The course is in two almost independent parts: Electrodynamics (Part 1) and Special Relativity (Part2)

Part 2 has already been taught by Prof. Gazeau. The syllabus is below.  Part I will be taught also. 

PART I: ELECTRODYNAMICS

Review of the Coulomb, Gauss’s laws and surface integral, Bio-Savart law, Ampere’s law and line integral, Faraday law. The Divergence Theorem. Conservation of charge and the equation of continuity. Stokes’ Theorem and the meaning of the curl. Simple examples of curl in cylindrical polar coordinates. The displacement current. A more comprehensive study of Lorentz force, Electrostatics, Magnetostatics and Faraday’s law. Maxwell’s equations (non-relativistic form). Conservation laws. Then solving Maxwell’s equations: Retarded solutions, Radiating Systems and Plane waves. This would include boundary problems in electrostatics; the green function; momentum of distributed charges. Electromagnetic waves and their propagation. Generation of electromagnetic waves, Hertz’ experience, qualitative and quantitative transport of electromagnetic waves. Electric and magnetic fields in matter: vector fields E, B, H, D, P and M. Retarded potential. Electrodynamics in relativistic notation. Lorentz transformation for electromagnetic field. Energy and momentum fields. The electromagnetic mass. The dynamics of relativistic particles and fields and the radiation of moving charges once more. Energy transport and the vector electromagnetic energy transport (Poynting Vector).

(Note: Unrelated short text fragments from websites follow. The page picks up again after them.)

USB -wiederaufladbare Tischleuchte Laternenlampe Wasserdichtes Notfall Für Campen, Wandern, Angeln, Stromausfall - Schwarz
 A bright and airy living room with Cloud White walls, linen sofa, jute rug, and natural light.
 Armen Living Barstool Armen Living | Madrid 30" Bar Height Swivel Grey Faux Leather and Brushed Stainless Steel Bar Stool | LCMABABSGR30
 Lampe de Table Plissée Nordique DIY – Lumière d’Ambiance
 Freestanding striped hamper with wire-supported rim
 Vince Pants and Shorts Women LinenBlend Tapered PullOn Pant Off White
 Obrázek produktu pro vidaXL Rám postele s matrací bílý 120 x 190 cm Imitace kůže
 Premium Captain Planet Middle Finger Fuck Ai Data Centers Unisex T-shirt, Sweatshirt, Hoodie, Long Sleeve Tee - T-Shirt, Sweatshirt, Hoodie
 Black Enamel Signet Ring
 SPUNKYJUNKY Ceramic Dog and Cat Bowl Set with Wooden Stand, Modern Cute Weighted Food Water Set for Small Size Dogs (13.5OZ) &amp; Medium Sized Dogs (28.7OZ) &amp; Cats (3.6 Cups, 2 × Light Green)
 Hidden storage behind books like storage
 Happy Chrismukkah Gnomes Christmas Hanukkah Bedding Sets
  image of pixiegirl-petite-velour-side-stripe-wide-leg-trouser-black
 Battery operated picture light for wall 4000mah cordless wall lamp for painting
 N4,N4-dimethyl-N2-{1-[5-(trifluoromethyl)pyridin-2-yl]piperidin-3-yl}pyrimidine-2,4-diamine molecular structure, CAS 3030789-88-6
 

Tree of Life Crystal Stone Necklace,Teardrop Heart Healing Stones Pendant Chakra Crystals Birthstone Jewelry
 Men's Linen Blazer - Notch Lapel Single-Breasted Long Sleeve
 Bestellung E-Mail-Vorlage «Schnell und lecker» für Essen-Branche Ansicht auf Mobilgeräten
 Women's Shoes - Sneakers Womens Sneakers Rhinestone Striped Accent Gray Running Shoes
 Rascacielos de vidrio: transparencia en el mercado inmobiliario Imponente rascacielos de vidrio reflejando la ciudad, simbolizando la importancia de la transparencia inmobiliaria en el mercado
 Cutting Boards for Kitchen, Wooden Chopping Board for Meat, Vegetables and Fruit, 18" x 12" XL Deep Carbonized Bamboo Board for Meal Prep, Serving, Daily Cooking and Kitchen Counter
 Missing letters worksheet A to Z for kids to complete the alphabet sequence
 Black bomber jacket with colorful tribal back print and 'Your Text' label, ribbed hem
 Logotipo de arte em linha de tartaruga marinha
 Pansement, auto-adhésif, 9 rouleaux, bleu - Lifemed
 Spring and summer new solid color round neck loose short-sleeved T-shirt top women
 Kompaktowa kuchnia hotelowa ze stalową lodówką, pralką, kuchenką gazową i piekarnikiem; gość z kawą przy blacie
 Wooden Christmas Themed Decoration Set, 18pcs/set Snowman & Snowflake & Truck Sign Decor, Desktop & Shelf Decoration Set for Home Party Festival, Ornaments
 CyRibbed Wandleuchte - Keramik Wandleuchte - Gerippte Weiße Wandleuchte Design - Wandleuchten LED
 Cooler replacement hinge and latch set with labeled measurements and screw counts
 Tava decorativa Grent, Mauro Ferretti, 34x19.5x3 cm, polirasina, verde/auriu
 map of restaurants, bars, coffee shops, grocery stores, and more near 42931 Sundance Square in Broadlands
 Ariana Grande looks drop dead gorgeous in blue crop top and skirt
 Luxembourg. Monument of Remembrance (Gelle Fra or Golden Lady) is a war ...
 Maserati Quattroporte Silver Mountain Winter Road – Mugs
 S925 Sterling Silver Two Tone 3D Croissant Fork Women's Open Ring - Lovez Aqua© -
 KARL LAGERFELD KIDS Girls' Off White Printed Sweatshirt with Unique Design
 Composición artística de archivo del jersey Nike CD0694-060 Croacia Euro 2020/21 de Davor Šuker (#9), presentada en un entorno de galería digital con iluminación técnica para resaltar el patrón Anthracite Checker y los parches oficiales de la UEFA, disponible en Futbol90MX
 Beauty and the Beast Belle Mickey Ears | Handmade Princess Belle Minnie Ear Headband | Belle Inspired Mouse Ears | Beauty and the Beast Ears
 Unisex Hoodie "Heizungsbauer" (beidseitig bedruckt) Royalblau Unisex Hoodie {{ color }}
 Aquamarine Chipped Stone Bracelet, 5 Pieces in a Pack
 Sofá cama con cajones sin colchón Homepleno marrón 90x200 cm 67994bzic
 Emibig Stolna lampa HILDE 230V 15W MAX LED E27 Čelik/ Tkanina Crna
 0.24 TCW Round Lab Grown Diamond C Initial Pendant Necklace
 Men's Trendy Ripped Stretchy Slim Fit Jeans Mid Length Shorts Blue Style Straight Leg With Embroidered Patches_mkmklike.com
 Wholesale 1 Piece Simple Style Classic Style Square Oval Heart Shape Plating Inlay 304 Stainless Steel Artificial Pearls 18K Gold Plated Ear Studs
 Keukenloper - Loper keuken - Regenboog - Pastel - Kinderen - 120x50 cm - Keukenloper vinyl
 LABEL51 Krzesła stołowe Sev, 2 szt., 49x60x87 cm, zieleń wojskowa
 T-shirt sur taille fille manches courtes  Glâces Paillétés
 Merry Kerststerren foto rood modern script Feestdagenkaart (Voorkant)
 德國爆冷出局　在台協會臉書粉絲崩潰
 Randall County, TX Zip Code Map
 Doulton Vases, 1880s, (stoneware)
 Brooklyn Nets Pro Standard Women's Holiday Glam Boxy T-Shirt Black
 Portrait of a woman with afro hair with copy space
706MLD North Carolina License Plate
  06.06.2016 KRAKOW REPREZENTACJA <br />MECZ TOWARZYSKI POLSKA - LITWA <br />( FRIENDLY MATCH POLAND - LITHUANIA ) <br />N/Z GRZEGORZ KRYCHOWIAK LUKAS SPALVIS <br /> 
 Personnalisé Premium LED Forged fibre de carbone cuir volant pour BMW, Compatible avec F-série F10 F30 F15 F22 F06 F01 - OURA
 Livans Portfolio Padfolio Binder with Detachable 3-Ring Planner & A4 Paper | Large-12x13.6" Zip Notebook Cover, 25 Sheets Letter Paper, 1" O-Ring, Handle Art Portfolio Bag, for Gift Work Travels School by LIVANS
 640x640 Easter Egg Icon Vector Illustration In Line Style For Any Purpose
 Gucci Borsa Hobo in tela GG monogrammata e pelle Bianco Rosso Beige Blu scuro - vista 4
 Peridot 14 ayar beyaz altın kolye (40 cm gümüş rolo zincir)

PART II: SPECIAL RELATIVITY -- Taught already by Prof. GAZEAU

Given the transformation properties of Maxwell’s equations one introduces the concept of Lorentz transformations in general and shows that they preserve the Minkowski metric. Consequences of this are elaborated including: simultaneity of events, length contraction, time dilatation, composition of velocity, transformation of acceleration. These are corroborated by the experiments of Fizeau and Michelson-Morley.

Relativistic properties of particles including the differences between rest mass and relativistic mass are explained, transformations of energy and momentum are given, and relativistic equations of motion the relativistic expression of energy, particle with zero proper mass and conservation laws of energy and momentum are discussed.